▶ **Captioned web image data**:

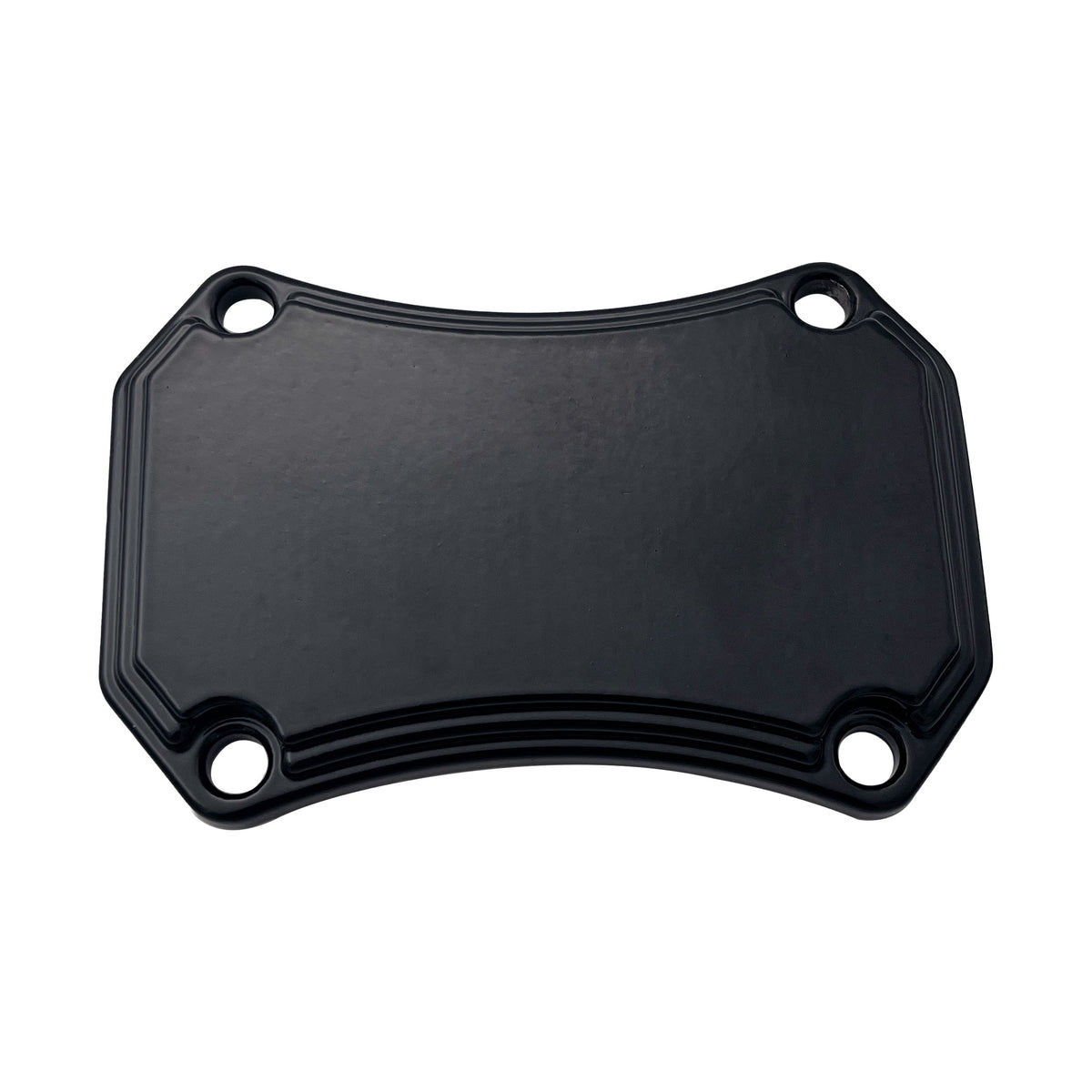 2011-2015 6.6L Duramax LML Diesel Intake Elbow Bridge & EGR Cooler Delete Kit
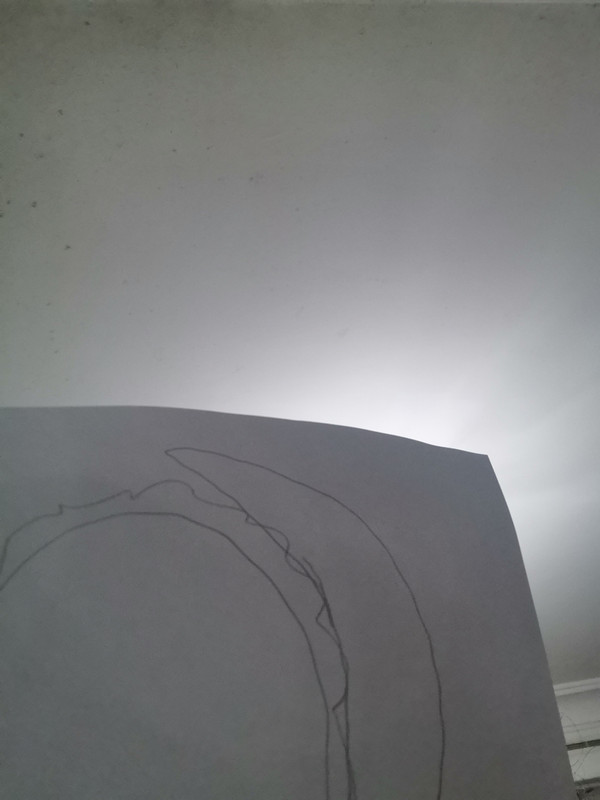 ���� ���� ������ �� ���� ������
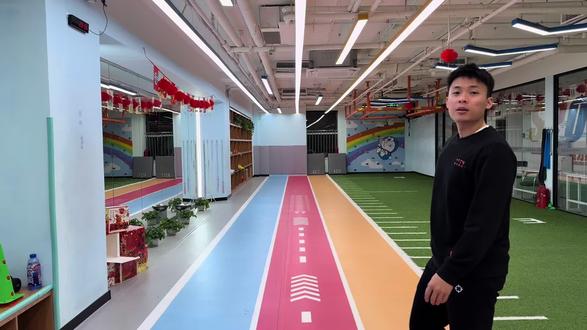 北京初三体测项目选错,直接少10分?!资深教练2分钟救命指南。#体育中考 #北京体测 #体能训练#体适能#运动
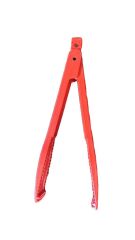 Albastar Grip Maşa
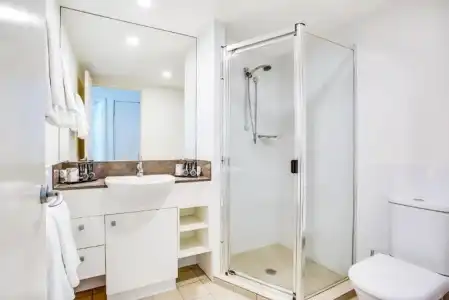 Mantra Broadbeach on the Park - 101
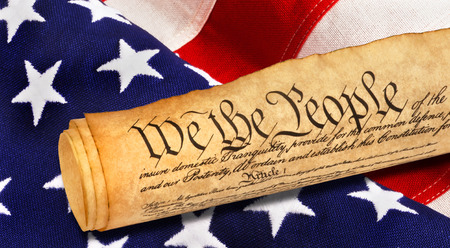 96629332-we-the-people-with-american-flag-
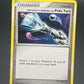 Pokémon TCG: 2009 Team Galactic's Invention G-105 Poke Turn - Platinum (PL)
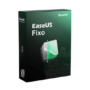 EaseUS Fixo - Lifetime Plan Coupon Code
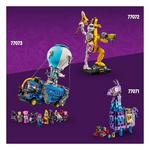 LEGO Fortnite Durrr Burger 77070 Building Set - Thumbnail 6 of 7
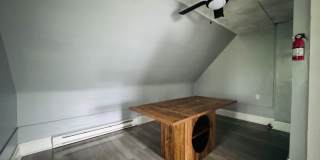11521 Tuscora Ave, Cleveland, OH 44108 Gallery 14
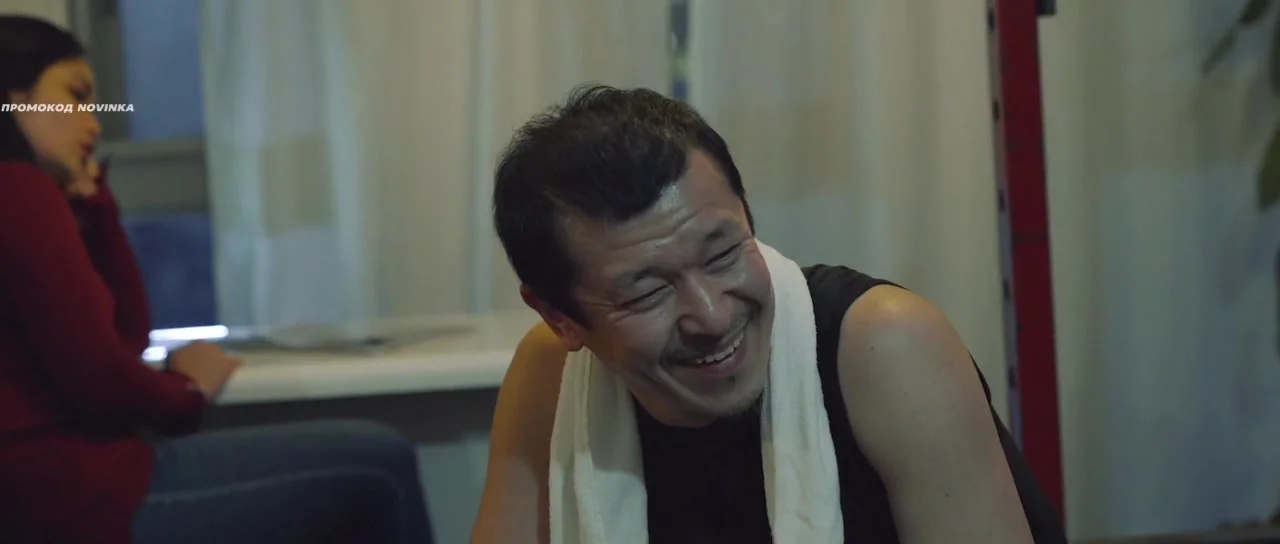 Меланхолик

▶ **What you are asked to do**: Repeat the records above exactly, without pictures.

▶ **Response area**:
 2011-2015 6.6L Duramax LML Diesel Intake Elbow Bridge & EGR Cooler Delete Kit
 ���� ���� ������ �� ���� ������
 北京初三体测项目选错,直接少10分?!资深教练2分钟救命指南。#体育中考 #北京体测 #体能训练#体适能#运动
 Albastar Grip Maşa
 Mantra Broadbeach on the Park - 101
 96629332-we-the-people-with-american-flag-
 Pokémon TCG: 2009 Team Galactic's Invention G-105 Poke Turn - Platinum (PL)
 EaseUS Fixo - Lifetime Plan Coupon Code
 LEGO Fortnite Durrr Burger 77070 Building Set - Thumbnail 6 of 7
11521 Tuscora Ave, Cleveland, OH 44108 Gallery 14
 Меланхолик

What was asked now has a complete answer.